Host Memory Oversubscription

playbooks/bootstrap/site.yml applies a dedicated lab_host_memory_oversubscription role immediately after lab_host_resource_management.

That split is intentional:

  • lab_host_resource_management defines the CPU pools and Gold/Silver/Bronze placement model
  • lab_host_memory_oversubscription improves host RAM efficiency through three independent kernel mechanisms: zram compressed swap, Transparent Huge Pages, and Kernel Same-page Merging

This is not treated as fake RAM or as an excuse to reduce master or infra sizing. The goal is to reclaim duplicate and cold guest memory on a host that already showed low steady-state memory utilization with a fully deployed lab.

Warning

KSM and zram are host-kernel work, not Gold/Silver/Bronze work. The tiers still separate guest contention, but reclaim and compression can still steal CPU from the broader host pool unless you add more host-thread affinity controls later.

Source Of Truth

The orchestration source of truth for memory policy is vars/global/host_memory_oversubscription.yml.

Current defaults:

Subsystem Setting Value Purpose
zram enabled true activate compressed swap device
zram device_name zram0 kernel device node
zram size 16G maximum uncompressed capacity of the device
zram compression_algorithm zstd best ratio-to-speed tradeoff on modern kernels
zram swap_priority 100 ensures zram is preferred over any physical swap
THP mode madvise application-controlled huge page allocation
THP defrag_mode madvise application-controlled compaction
KSM run 1 scanner active
KSM pages_to_scan 1000 pages examined per scan cycle
KSM sleep_millisecs 20 pause between scan cycles

The role defaults in roles/lab_host_memory_oversubscription/defaults/main.yml set everything to disabled. The global vars file overrides those defaults to enable the policy. This ensures that the role is always safe to include and only activates when explicitly configured.

How The Policy Is Applied

A single systemd oneshot service, calabi-host-memory-oversubscription.service, applies all three subsystems at boot. It uses RemainAfterExit=yes so systemd tracks the policy as active for the lifetime of the host.

The service lifecycle for zram:

  1. tear down any existing zram device (swapoff, zramctl --reset, modprobe -r)
  2. load the zram module with num_devices=1
  3. configure the device: zramctl /dev/zram0 --algorithm zstd --size 16G
  4. format and activate: mkswap, swapon --priority 100 --discard

THP and KSM are applied in a follow-on ExecStart that writes directly to /sys/kernel/mm/transparent_hugepage/ and /sys/kernel/mm/ksm/.

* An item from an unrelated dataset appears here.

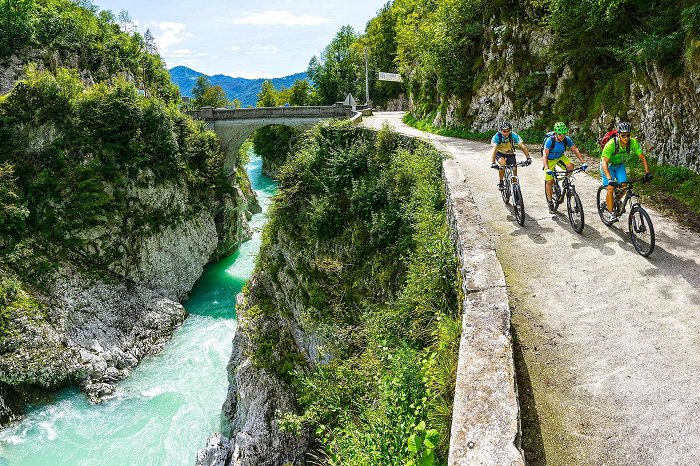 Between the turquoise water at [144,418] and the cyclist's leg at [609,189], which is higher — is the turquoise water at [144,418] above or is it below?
below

A separate dedicated playbook, playbooks/bootstrap/host-memory-oversubscription.yml, can apply or re-apply the memory policy independently without re-running the full bootstrap sequence. This is the intended entry point for the Calabi Manager "Host Memory Oversubscription" change scope.

zram Compressed Swap

zram creates an in-memory block device that stores pages in compressed form. On write, the kernel compresses the page into zram; on read, it decompresses on the fly. The net effect is that cold anonymous pages that would otherwise consume full-size RAM frames are stored at a fraction of their original size.

The 16G size is the maximum uncompressed capacity of the device, not a reservation. zram only consumes real RAM as pages are written into it. With zstd compression the typical effective ratio on guest workloads is between 2:1 and 4:1, so 16G of logical swap capacity might cost 4-8G of physical RAM when fully utilized.

Important

16G is a buffer, not a carved-out capacity loss. The host pays the physical cost only when memory pressure actually drives pages into swap. At steady state with low contention, zram consumes negligible real memory.

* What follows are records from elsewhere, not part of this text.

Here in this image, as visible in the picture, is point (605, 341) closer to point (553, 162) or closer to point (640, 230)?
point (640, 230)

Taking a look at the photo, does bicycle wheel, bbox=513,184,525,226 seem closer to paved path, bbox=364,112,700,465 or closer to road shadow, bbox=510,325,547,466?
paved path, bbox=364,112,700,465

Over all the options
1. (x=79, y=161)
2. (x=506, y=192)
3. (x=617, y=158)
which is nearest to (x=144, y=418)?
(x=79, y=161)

The swap priority of 100 ensures zram is always preferred over any physical swap device. The --discard flag enables TRIM so that freed pages are immediately released back to the host rather than lingering as stale compressed blocks.

Transparent Huge Pages

THP allows the kernel to back anonymous memory with 2 MiB pages instead of the default 4 KiB pages. Fewer page-table entries means lower TLB miss rates and measurable throughput improvement for memory-intensive workloads.

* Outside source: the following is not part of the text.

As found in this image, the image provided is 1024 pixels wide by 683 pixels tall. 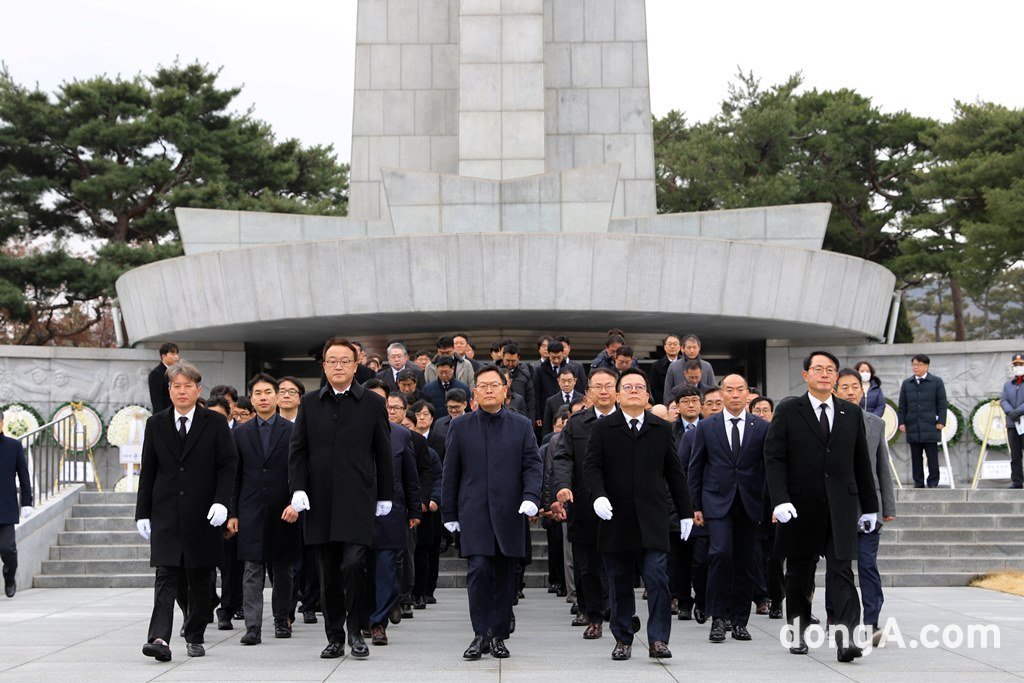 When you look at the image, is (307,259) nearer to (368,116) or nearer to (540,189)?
(540,189)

The policy sets THP to madvise, not always:

  • madvise means the kernel only allocates huge pages when the application explicitly requests them via madvise(MADV_HUGEPAGE). QEMU and the JVM both do this when configured to.
  • always would apply huge pages to every anonymous mapping. That can trigger aggressive background compaction and allocation stalls that are worse than the TLB improvement.

The defrag mode is also set to madvise for the same reason: compaction only runs when an application has signaled that it wants huge pages. This avoids the pathological case where khugepaged burns CPU compacting memory that no process actually benefits from.

Note

For this workload, madvise is the conservative and correct default. The guest kernels inside each VM make their own independent THP decisions. The host-level setting controls the outer hypervisor kernel behavior only.

Kernel Same-page Merging

KSM is a kernel thread (ksmd) that scans anonymous pages across all processes looking for byte-identical content. When it finds duplicates, it merges them into a single copy-on-write page, freeing the redundant frames.

This is especially effective in a nested virtualization environment where multiple guests run identical operating system images. The RHEL CoreOS nodes (ocp-master, ocp-infra, ocp-worker) share a large fraction of their kernel and base-OS memory footprint. KSM finds and deduplicates those pages without any guest-side configuration.

Current scan settings:

  • pages_to_scan = 1000: examine 1000 pages per scan cycle
  • sleep_millisecs = 20: pause 20 ms between cycles

These are deliberately conservative. Aggressive settings (higher page count, shorter sleep) merge faster but consume more host CPU. The current values prioritize low steady-state CPU overhead over fast initial convergence.

KSM convergence behavior:

  • First scan pass: slow. The scanner must build its internal red-black tree of page checksums across all guest memory. On a fully deployed lab this can take minutes to hours depending on total guest memory.
  • Steady state: cheap. Once the initial tree is built, incremental scans only process new or changed pages. CPU cost drops to near zero when guest memory is stable.
  • After guest reboot or migration: the scanner re-examines changed pages. A full cluster reboot temporarily increases KSM CPU usage until the new steady state is reached.

Note

The policy is most valuable in low-to-medium contention: it gives the kernel a cheaper way to reclaim duplicate memory before direct reclaim gets expensive. It is not meant to rescue sustained high contention.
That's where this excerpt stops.